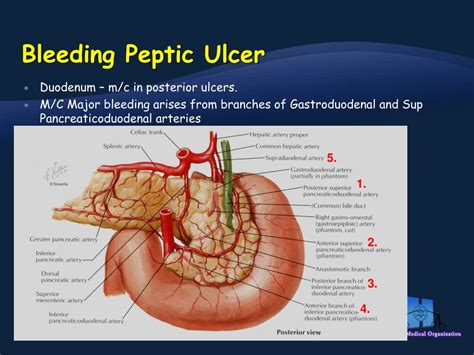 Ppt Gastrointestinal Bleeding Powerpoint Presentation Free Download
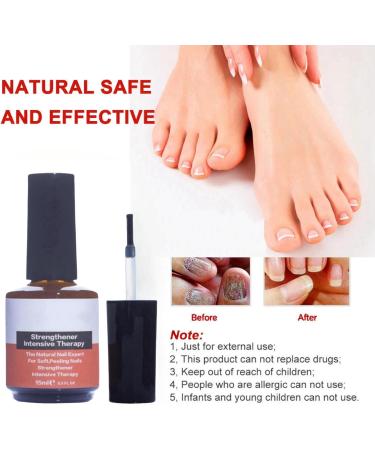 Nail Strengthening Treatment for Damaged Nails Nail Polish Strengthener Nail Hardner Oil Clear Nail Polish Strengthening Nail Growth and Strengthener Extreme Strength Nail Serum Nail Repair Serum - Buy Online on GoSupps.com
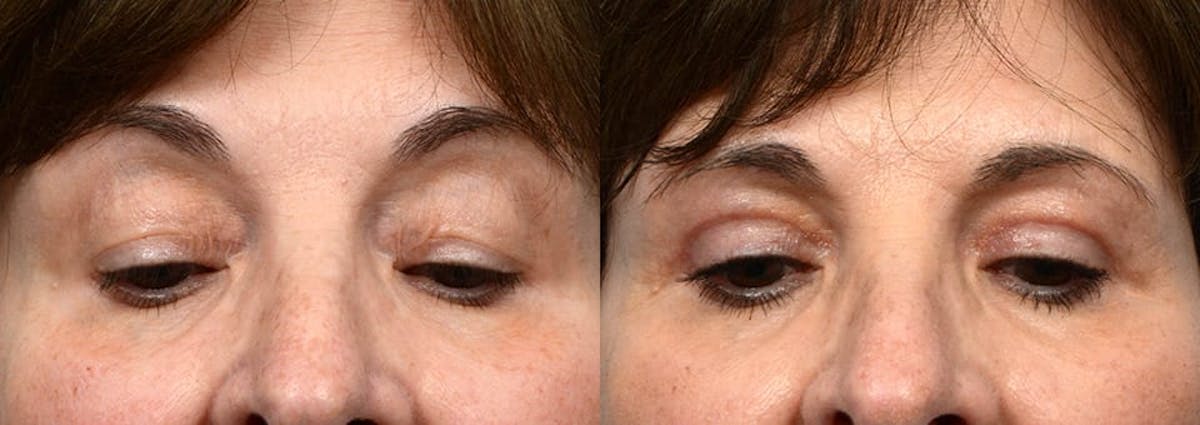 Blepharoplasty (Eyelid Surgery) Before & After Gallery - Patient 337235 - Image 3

Activity:
Only the pictures are to be left out; the rest of the material above should be printed verbatim.

Reply:
 Ppt Gastrointestinal Bleeding Powerpoint Presentation Free Download
 Nail Strengthening Treatment for Damaged Nails Nail Polish Strengthener Nail Hardner Oil Clear Nail Polish Strengthening Nail Growth and Strengthener Extreme Strength Nail Serum Nail Repair Serum - Buy Online on GoSupps.com
 Blepharoplasty (Eyelid Surgery) Before & After Gallery - Patient 337235 - Image 3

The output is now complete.